Pretty sure without weights you're not going to be steering it.


----------



## plowin boy (Dec 15, 2005)

I looked at the 325 also but was thinking something that would hold more material would be better. We will have a plow on the front but no front wheel weights. Do you think that's going to be a problem? Also does it throw the salt good being the tractor is going at a much slower speed than a truck would?


----------



## Mark Oomkes (Dec 10, 2000)

We're using it on sidewalks, and it works great.


----------



## plowin boy (Dec 15, 2005)

We have a big parking lot that it would be used for and not sure how well it would do.
Thanks for your help


----------



## sublime68charge (Dec 28, 2007)

I think you would be OK,

are you leaving the mower deck on it? that would help with front end weight and steering but reduce your ground clearance. 

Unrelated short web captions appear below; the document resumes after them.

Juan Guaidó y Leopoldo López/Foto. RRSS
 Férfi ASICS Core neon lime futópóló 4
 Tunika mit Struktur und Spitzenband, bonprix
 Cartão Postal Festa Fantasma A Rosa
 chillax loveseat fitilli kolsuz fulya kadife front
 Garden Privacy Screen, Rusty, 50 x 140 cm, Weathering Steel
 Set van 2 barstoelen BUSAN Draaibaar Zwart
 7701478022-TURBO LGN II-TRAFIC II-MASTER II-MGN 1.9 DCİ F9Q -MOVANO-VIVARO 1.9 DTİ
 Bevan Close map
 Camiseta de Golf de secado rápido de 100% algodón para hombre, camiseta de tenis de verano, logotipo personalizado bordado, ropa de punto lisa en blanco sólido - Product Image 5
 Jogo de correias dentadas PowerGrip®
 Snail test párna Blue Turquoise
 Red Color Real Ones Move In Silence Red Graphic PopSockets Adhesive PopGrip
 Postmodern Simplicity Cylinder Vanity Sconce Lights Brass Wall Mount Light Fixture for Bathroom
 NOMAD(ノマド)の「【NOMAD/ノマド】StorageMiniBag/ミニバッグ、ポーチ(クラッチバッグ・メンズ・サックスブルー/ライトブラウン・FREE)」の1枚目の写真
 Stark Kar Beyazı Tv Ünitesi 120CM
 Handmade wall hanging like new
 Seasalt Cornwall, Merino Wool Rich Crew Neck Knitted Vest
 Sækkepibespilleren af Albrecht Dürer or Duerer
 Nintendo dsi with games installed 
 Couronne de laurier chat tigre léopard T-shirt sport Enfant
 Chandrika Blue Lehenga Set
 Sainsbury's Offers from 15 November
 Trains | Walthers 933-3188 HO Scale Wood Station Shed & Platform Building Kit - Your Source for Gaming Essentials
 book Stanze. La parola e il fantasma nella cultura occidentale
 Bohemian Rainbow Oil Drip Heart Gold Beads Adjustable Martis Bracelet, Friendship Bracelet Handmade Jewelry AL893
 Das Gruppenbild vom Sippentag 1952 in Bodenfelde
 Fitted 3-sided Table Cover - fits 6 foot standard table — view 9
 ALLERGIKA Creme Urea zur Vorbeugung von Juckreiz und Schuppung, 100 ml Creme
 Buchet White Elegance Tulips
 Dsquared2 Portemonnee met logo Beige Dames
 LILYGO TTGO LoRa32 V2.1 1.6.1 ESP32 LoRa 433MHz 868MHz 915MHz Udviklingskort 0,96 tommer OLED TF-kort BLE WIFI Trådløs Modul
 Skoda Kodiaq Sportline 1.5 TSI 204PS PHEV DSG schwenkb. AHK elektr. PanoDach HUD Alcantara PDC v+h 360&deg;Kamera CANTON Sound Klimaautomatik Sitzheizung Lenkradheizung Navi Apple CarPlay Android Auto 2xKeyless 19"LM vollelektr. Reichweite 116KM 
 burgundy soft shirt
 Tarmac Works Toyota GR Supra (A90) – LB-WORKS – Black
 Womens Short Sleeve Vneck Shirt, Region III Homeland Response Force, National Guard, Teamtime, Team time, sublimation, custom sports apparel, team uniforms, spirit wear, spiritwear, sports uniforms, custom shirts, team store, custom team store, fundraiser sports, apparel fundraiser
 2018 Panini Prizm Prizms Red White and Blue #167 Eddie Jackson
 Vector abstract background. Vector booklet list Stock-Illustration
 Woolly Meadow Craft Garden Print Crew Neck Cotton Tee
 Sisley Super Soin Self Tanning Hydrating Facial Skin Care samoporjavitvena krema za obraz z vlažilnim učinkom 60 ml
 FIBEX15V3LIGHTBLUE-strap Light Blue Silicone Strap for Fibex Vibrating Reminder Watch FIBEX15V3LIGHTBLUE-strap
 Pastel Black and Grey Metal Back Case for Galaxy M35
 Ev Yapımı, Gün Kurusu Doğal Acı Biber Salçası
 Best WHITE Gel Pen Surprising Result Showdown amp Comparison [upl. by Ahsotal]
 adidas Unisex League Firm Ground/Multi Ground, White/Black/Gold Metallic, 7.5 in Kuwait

also you can set the spreader to spread wide not just single lane since your doing a parking lot think your spreading over a 16' width instead of single lane. 

also you don't have to load the salt spreader to full capacity. if when full you can't get the tractor to turn.

also from a Pic of the 740 looks like there a nice bracket on the front you could put some weights on to counter the rear spreader?

good luck 

just my thoughts


----------



## BossPlow2010 (Sep 29, 2010)

Why not try something like the SP-1225G it's a tow behind and holds more than the 575


----------



## plowin boy (Dec 15, 2005)

sublime68charge;1953142 said:


> I think you would be OK,
> 
> are you leaving the mower deck on it? that would help with front end weight and steering but reduce your ground clearance.
> 
> ...


No, mower deck is off. We have a blade on the front.
Yeah I personally have the 575 on my truck but was concerned with the ground speed being much slower on a tractor as opposed to a truck. Thought that on the higher settings to really throw the ice melt wide it would come out so fast being ground speed is much slower and then on lower settings it would throw such a small width that it would take forever


----------



## plowin boy (Dec 15, 2005)

BossPlow2010;1953349 said:


> Why not try something like the SP-1225G it's a tow behind and holds more than the 575


Have you ever used the 1225g? Wondering how well the tires grip when it's very icy? Does it throw the ice melt pretty wide?


----------



## sublime68charge (Dec 28, 2007)

with the front blade steering should be fine you have weight up there to counter the salt weight in the back.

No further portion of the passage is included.